> **WORK ORDER**: Among the records below, find the line that has "Car seat/stroller combos"; from there, give the lines again exactly, and stop after the line that has "Green Alia cut Suit".

> **RECORDS SHOWN**:
☆ ☆ ☆ ☆
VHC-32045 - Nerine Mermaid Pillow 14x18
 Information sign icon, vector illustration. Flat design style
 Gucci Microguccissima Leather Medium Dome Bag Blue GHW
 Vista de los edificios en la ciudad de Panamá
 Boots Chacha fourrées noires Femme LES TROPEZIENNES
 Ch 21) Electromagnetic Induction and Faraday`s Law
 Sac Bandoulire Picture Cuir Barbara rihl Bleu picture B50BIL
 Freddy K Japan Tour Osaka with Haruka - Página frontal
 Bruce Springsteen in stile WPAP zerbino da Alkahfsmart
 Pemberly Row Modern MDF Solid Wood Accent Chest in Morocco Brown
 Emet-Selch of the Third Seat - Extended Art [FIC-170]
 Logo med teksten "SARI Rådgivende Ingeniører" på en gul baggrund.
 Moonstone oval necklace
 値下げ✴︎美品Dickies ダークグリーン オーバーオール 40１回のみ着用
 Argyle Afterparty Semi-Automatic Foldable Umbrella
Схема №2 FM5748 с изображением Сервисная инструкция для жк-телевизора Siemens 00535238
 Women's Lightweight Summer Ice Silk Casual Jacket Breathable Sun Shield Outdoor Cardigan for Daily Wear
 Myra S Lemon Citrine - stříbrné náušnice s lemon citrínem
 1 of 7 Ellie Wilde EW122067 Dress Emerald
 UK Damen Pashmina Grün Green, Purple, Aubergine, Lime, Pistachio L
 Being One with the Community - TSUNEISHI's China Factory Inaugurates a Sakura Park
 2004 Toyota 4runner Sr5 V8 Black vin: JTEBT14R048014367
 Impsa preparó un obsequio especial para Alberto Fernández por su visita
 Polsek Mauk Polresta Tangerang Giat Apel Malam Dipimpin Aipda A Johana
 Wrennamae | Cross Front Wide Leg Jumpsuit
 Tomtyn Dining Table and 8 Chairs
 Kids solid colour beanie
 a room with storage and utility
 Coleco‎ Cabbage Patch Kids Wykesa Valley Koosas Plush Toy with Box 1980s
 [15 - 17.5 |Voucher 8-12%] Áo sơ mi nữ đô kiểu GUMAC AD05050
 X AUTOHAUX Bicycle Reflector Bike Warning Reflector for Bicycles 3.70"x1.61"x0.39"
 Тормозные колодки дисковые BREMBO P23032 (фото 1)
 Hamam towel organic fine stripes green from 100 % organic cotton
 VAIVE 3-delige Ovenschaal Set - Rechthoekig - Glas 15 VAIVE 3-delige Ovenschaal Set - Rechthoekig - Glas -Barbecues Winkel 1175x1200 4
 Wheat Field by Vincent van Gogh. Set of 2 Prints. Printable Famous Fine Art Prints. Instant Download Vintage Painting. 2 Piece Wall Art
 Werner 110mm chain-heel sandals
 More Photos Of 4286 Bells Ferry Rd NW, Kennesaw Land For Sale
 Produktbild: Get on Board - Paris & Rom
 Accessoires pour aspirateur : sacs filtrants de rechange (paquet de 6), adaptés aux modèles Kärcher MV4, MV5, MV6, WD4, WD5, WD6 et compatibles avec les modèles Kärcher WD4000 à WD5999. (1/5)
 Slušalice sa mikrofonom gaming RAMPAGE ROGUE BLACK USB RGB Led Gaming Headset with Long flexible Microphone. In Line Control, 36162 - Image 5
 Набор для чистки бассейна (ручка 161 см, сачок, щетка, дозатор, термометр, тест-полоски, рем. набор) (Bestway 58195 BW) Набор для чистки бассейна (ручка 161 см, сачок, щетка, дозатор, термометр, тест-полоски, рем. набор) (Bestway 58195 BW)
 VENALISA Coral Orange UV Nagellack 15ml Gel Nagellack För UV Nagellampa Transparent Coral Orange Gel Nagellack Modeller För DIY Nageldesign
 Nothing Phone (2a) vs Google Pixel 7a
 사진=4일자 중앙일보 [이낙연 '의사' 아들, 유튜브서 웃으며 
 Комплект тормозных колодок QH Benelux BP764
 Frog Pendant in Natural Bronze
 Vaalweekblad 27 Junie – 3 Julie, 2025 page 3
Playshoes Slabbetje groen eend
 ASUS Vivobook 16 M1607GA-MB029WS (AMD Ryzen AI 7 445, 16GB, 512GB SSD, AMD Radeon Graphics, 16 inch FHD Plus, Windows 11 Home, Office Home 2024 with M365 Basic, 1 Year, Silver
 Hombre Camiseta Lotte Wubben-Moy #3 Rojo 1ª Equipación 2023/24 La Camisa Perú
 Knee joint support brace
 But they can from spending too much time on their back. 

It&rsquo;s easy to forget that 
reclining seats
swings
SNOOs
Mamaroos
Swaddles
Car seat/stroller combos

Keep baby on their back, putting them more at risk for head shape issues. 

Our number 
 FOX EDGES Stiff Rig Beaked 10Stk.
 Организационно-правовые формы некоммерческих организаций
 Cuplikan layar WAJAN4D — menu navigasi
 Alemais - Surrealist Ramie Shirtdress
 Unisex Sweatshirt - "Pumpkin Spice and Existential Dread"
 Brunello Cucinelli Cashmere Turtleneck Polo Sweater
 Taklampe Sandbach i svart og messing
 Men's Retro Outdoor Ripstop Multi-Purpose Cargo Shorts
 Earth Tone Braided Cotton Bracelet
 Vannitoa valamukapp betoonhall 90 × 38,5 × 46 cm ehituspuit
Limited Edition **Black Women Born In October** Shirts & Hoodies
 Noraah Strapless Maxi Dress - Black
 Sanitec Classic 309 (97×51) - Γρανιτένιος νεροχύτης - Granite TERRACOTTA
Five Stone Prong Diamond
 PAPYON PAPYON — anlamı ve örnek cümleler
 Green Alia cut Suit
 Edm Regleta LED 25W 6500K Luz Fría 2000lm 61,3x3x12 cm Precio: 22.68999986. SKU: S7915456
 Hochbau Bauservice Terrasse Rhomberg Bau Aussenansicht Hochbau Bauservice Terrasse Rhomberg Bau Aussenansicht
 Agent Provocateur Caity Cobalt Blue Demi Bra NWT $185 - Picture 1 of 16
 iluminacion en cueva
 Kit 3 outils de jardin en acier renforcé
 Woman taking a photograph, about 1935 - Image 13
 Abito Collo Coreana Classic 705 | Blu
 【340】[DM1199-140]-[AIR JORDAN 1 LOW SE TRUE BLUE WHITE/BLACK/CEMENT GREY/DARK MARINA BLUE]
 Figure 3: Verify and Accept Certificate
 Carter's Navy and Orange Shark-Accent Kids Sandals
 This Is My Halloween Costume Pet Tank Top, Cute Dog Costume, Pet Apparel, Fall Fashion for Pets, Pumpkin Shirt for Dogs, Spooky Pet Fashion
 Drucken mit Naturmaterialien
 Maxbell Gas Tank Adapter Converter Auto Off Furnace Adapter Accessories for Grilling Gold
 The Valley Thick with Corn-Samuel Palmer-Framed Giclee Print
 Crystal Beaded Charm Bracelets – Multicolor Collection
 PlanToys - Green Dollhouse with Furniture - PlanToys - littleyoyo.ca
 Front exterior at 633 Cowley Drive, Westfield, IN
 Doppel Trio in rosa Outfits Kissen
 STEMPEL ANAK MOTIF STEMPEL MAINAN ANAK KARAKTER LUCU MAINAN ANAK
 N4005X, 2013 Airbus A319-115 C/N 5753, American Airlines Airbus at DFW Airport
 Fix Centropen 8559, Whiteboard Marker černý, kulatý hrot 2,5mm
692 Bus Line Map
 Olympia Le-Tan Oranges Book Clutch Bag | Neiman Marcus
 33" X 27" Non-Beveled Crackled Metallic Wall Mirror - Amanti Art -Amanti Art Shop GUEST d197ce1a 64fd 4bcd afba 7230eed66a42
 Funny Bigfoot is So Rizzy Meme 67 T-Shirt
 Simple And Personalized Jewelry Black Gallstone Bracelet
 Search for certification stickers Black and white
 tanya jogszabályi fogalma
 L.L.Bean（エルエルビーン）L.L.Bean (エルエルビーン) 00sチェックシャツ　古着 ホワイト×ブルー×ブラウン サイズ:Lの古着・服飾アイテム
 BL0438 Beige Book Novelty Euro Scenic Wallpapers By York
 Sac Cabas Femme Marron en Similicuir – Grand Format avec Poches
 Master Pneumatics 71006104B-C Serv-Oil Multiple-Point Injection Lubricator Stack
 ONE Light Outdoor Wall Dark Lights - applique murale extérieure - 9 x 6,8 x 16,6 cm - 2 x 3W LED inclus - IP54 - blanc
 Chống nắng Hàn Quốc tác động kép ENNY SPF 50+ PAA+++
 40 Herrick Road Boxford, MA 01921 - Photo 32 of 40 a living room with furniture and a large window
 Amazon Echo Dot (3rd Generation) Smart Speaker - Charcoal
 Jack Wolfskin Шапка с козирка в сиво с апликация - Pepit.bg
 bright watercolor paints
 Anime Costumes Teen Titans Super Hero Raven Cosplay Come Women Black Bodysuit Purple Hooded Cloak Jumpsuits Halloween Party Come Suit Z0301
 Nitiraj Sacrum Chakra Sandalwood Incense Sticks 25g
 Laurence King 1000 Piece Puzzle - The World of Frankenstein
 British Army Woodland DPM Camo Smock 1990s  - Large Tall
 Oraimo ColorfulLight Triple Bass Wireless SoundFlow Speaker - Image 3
☆ ☆ ☆ ☆
> **SOLUTION TO THE PROBLEM**:
Car seat/stroller combos

Keep baby on their back, putting them more at risk for head shape issues. 

Our number 
 FOX EDGES Stiff Rig Beaked 10Stk.
 Организационно-правовые формы некоммерческих организаций
 Cuplikan layar WAJAN4D — menu navigasi
 Alemais - Surrealist Ramie Shirtdress
 Unisex Sweatshirt - "Pumpkin Spice and Existential Dread"
 Brunello Cucinelli Cashmere Turtleneck Polo Sweater
 Taklampe Sandbach i svart og messing
 Men's Retro Outdoor Ripstop Multi-Purpose Cargo Shorts
 Earth Tone Braided Cotton Bracelet
 Vannitoa valamukapp betoonhall 90 × 38,5 × 46 cm ehituspuit
Limited Edition **Black Women Born In October** Shirts & Hoodies
 Noraah Strapless Maxi Dress - Black
 Sanitec Classic 309 (97×51) - Γρανιτένιος νεροχύτης - Granite TERRACOTTA
Five Stone Prong Diamond
 PAPYON PAPYON — anlamı ve örnek cümleler
 Green Alia cut Suit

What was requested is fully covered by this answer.